Pilihan lain, yaitu mencari “sampingan” pendapatan diluar pabrik atau
perusahaan tempatnya bekerja. Bentuknya pun bermacam-macam. Ada
yang membuka warung kecil-kecilan, berdagang keliling, jadi tukang ojek,
dll. Semua itu dilakukannya diluar jam kerjanya. Akibatnya, lagi-lagi buruh
dipaksa untuk bekerja ekstra keras agar dapat menambal pendapatannya
yang serba kekurangan. Sialnya, tambahan itu dicarinya diluar tempat
kerjanya.
Ada pula pilihan alternatif, yaitu dengan “berjudi”. Mimpi mudah nan
murah untuk menambah pendapatan, tetapi cara yang sangat cepat
untuk menjadi lebih “kere”.
Semua itu adalah gambaran yang sangat gamblang atas penderitaan
hidup klas buruh hari ini. Cermin atas upaya klas buruh melawan terhadap
penindasan dan kesewenang-wenangan yang diterimanya, sekaligus
mencari jalan keluar di tengah-tengah hidup yang semakin menghimpit
namun pendapatannya malah defisit. Seluruh perlawanan dan upaya
untuk mencari jalan keluar itu senantiasa menemui jalan buntu. Ibarat
“opium”, cara itu hanya dapat menenangkan dalam skala yang sangat
jangka pendek, namun keesokan harinya kehidupan nyata kembali ke
sedia kala, tertindas dan menderita. Cerita yang berulang bertahun-tahun
bahkan beratus tahun lamanya.
Sudah waktunya klas buruh memakai cara lain yang lebih menjanjikan.

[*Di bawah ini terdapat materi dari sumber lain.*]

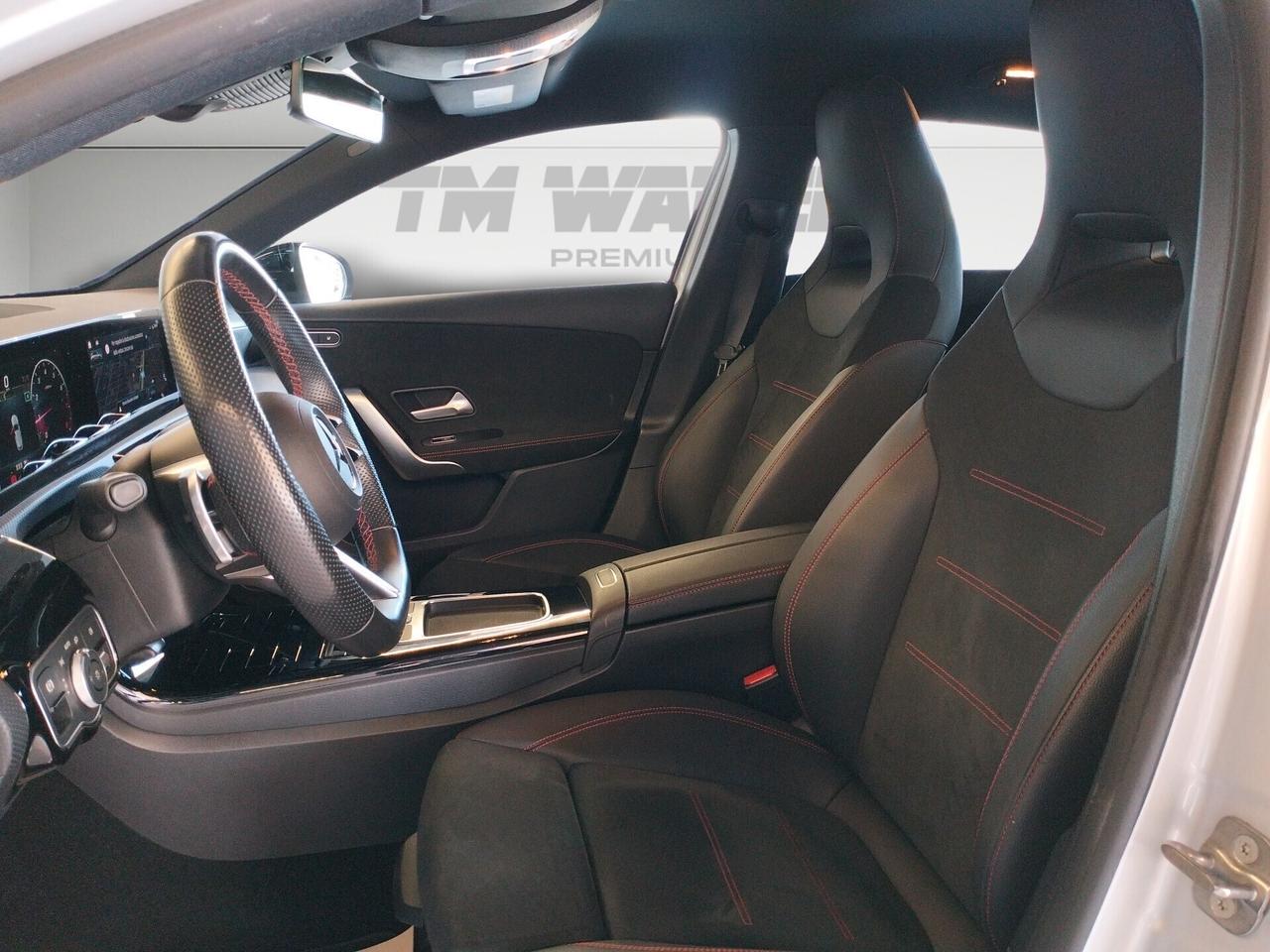 Mercedes-Benz A 180 AMG Line Premium auto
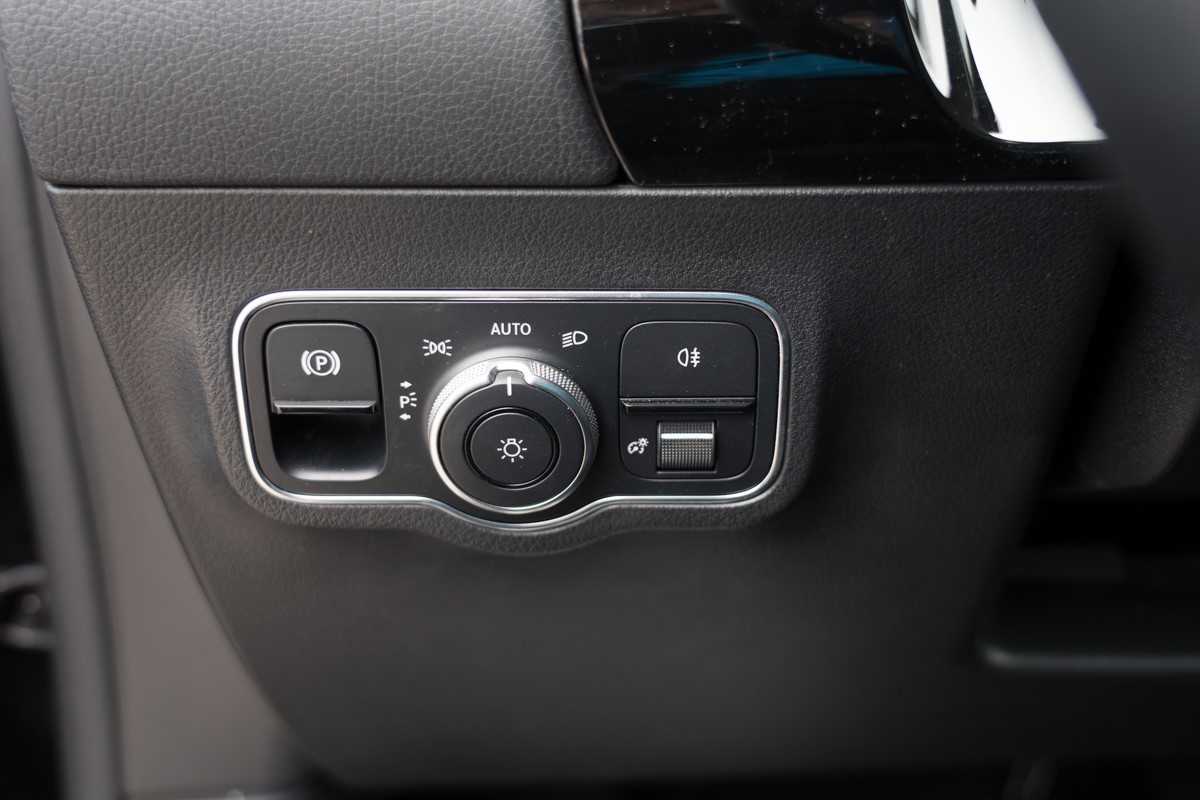 Mercedes-Benz B-Class 180 D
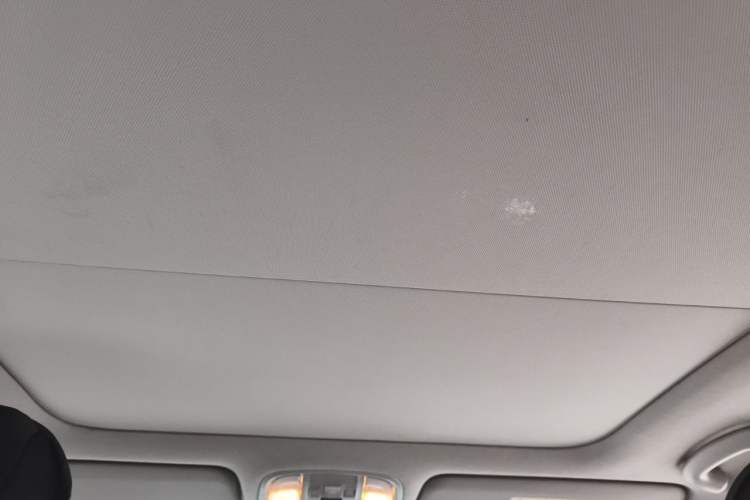 Used Kia KX3 2015 1.6L Automatic Two-Wheel Drive DLX Headliner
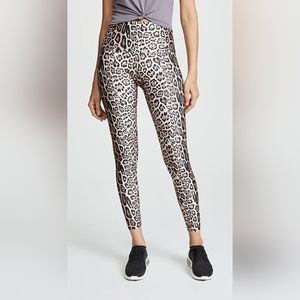 Onzie Basic Midi Leopard Leggings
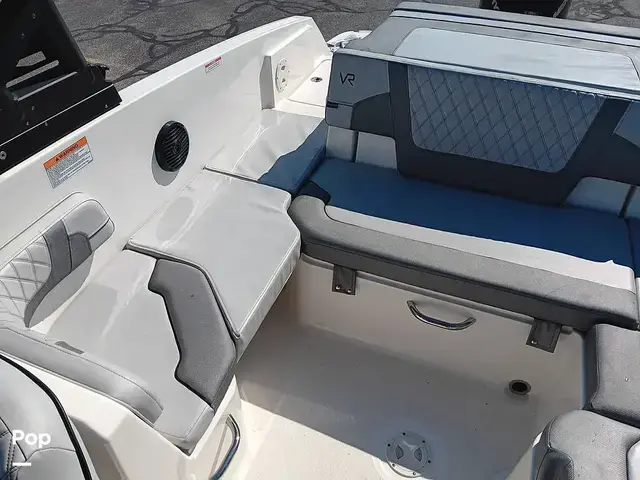 Bayliner Vr6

Mengambil pelajaran atas pengalaman perlawanan dan upayanya untuk
mencari jalan keluar selama ini. Bersatu adalah pilihan pertama yang
harus diambil. Suatu persamaan nasib, persamaan derita dan persamaan
tujuan. Namun bersatu tak hanya sekedar seperti “kumpul bersama”.
Dibutuhkan lebih daripada itu.
Tahun 1905, suatu rentang waktu lampau yang cukup panjang,
merupakan titik awalnya. Serikat Buruh pertama berdiri di negeri ini.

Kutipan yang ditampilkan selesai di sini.